The women who have been highlighted here are smart, driven, and have worked hard for their success. They deserve so much more than being reduced to an infographic bobble-head on a cartoon body.

When you think of all the legends in the development of information and communications technologies (ICTs), you rarely hear the names of women. The usual names that spring to mind are Steve Jobs, Bill Gates, Richard Stallman and, recently, Mark Zuckerberg , for being the genius behind the popular social networking website Facebook. Can you imagine anyone asking these men how they prefer to style their hair?

How can we move beyond limiting stereotypes and sexist sniggering?

By telling HERstory!

HERstory is an initiative of Take Back The Tech, a grassroots campaign that encourages everyone, particularly girls and women, to take control of technology and use it as a tool to do something incredibly vital: put an end to violence against women. The campaign lends itself to some excellent and much-needed school-based work on cyber safety and activism. Their website includes sensible online safety tips, campaign banners and posters, videos, blog posts and an “Idea Kitchen” filled with inspiration.  One of those ideas is to tell HERstory by spotlighting “the innovative girls and women around you who are doing creative, inventive and groundbreaking things with technology”.  I had never heard of the following women who shaped the cyber frontier until I visited the website for Take Back The Tech:

  • Ada Lovelace — the first computer programmer in history, who wrote the first algorithm specifically for the computer
  • Grace Hopper — the inventor of the first computer language composed of words
  • Betty Holberton, Kay McNulty, Marlyn Wescoff, Ruth Lichterman, Betty Jean Jennings and Fran Bilas — the six women who were the original programmers of the first general-purpose computer, ENIAC.

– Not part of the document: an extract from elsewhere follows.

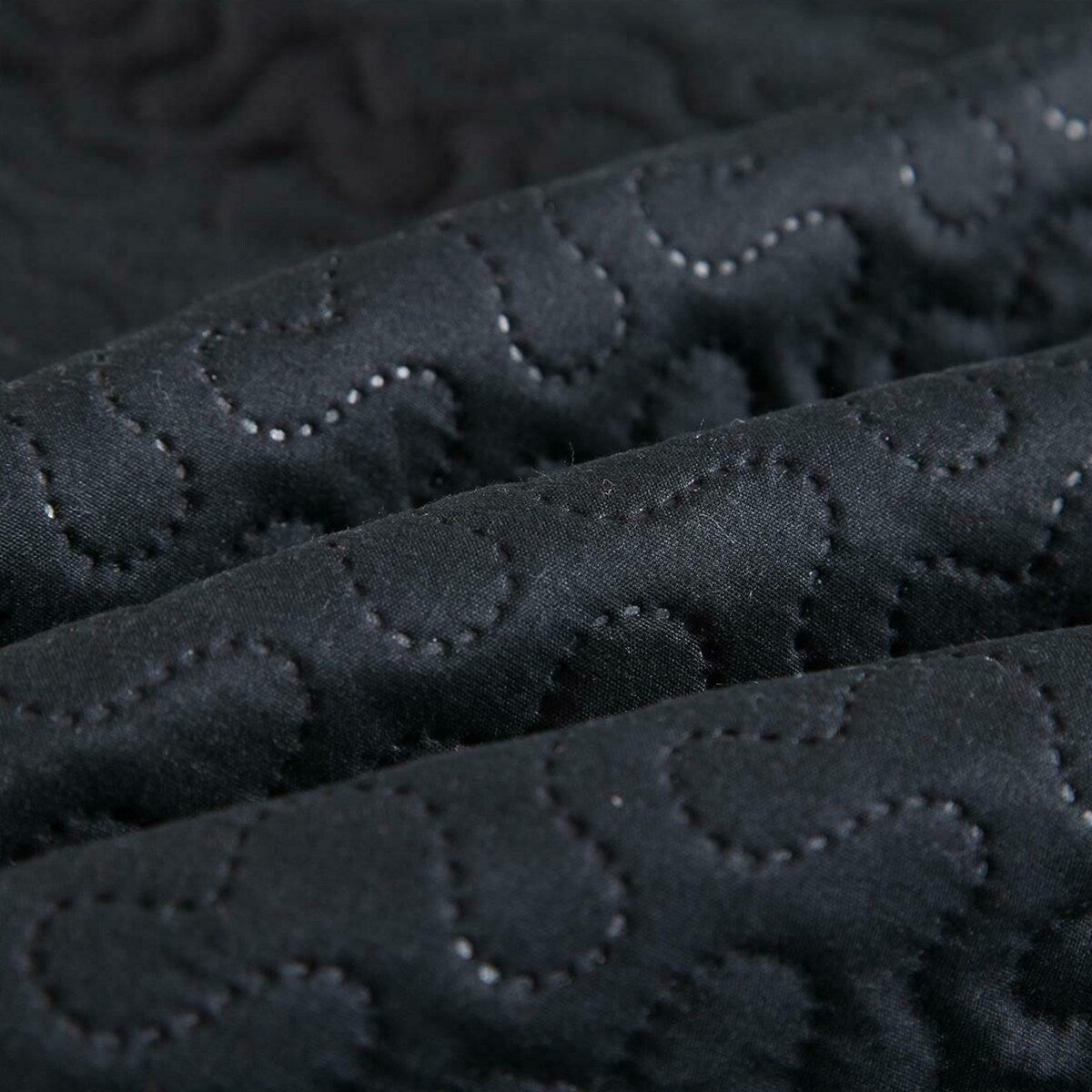 3 Piece King Size Quilt Set With Pillow Shams Black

Why does telling HERstory matter? Because when only men get attention for their roles in ICT:

This contributes to the idea that ICTs is the domain of men and boys as creators and innovators, and that women and girls are mainly just users and consumers. This in turn affects the choices that parents make in encouraging their children to study science and technology based on their gender, and the masculine culture that permeates the industry, making it hard for women and girls to enter as equal participants and decision-makers. What happens is a perpetuation of this cycle of gender stereotypes and myths that cast women as passive background actors in the development of ICTs and men as active groundbreakers – the stuff of legends.

— Take Back The Tech

I am always inspired by the women I know who are using technology to make changes. The team over at Collective Shout have initiated a number of successful campaigns lobbying corporations to end their objectification and sexualisation of women. Their recent petition to ban the release of Kanye West’s Monster video now has almost 7,000 signatories.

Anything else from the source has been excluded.